Se aproximaban los tiempos de las elecciones y el caudillo andaba inquieto. Ya no solamente los adversarios advertían que era tiempo de un cambio, sino que quienes en el pasado fueron sus aliados estaban convencidos de que el líder ya no daba para más. Sin embargo, nada de eso convencía al caudillo quien no estaba dispuesto a soltar las riendas, así como así y permitir que otro viniera a ocupar su lugar. Parecía que de pronto se habían olvidado de que él, y solamente él, era capaz de mantener el rumbo firme. ¿Acaso olvidaban gracias a quien fue factible lograr aquel cambio? ¿En qué cabeza cabe que aquel muchachito educado en el extranjero podía ocupar su lugar? ¿De donde aquellos revoltosos llamantes de la democracia iban a sacar capacidad para poder llevar al país por la ruta del progreso y domeñar al potro salvaje que él logró someter? ¿Cómo era posible que aquel añoso, su compañero de armas y favorito del ayer, creyera que podía ser su sucesor? El caudillo estimaba que su obra aun no estaba concluida y solamente bajo su conducción era factible llevarla a buen termino y para concretarse objetivo no se detendría ente nada y si era necesario ofrecer escarmientos públicos, pues echaría mano de cualquier asunto, eso sí a manera de mensaje para el objetivo principal. Y aquí empieza la historia que les narraremos.
Eran los meses últimos del año previo al que marcaría el principio del fin, pero nadie lo imaginaba, ni mucho menos lo sabía. Los grupos políticos se formaban, el muchachito educado en el exterior viajaba por el país ofreciendo la democracia como por arte de magia. Asimismo, alrededor del pretendiente añoso se integraban grupos convencidos de que por esa vía sería factible mantener la paz y el progreso. Pero todos sabemos que para eso de hacer política y aspirar a cargo alguno se requería en aquellos tiempos, y en todos, estar provisto de un buen numero de talegas repletas de monedas de oro y plata. Si bien los aspirantes no carecían de ellas, a uno se las proveía la familia y al otro los ’ahorritos’ acumulados a lo largo de su vida, eso no era suficiente para financiar la empresa que emprendían. Dada esa circunstancia, nunca faltan almas pías y desinteresadas en ayudar a las causas buenas. En esta ocasión habían decidido hacerlo por partida doble. Lo mismo financiaban al joven que al añoso. Al primero porque, al final de cuentas, era uno de ellos. El segundo, aun cuando era era nativo del oeste, ya llevaba tiempo por aquellos rumbos del noreste y lo consideraban de casa.
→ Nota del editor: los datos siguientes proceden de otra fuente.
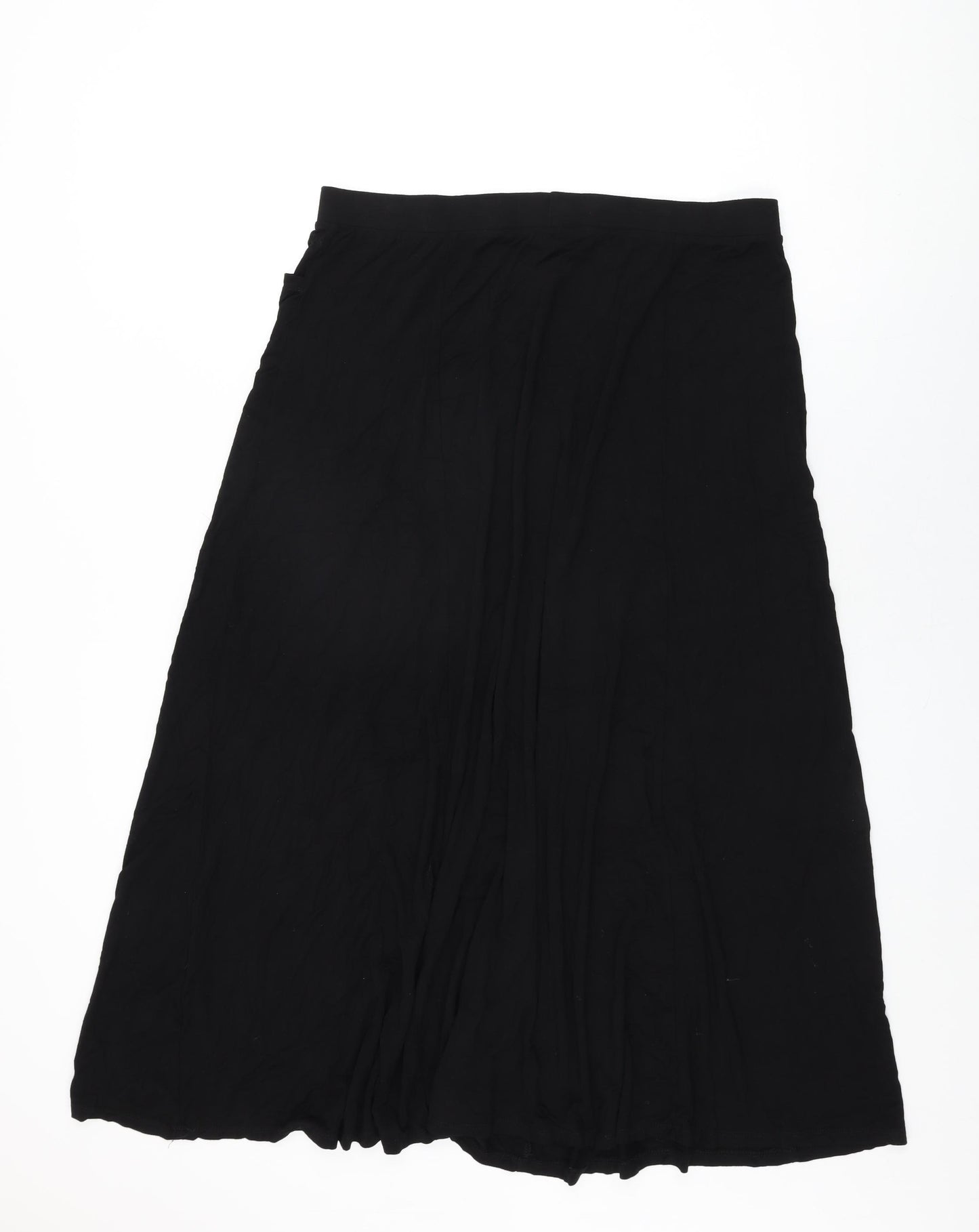 Yours Womens Black Viscose Swing Skirt Size 20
Nada de lo mencionado desapercibido a los ojos del caudillo quien estaba consciente de que los del noreste buscaban apoderarse de su cargo, los había dejado hacer negocios y ganar mucho dinero, pero les negaba participación importante en asuntos políticos. Sin embargo, el caudillo no era hombre de arrebatos, los años, le enseñaron que a la hora de las decisiones importantes era conveniente ir paso a paso. En esas estaba cuando, como caído del cielo, se destapa un alegato judicial que involucraba a una figura prominente entre el grupo de partidarios del aspirante presidencial añoso. Al igual que este, era nativo del oeste y ostentaba el cargo de senador por el estado del noreste en donde el primero gobernaba, al parecer el eje oeste-noreste estaba mas tejido de lo que a la vista simple lucía. Pero retornemos a la querella legal.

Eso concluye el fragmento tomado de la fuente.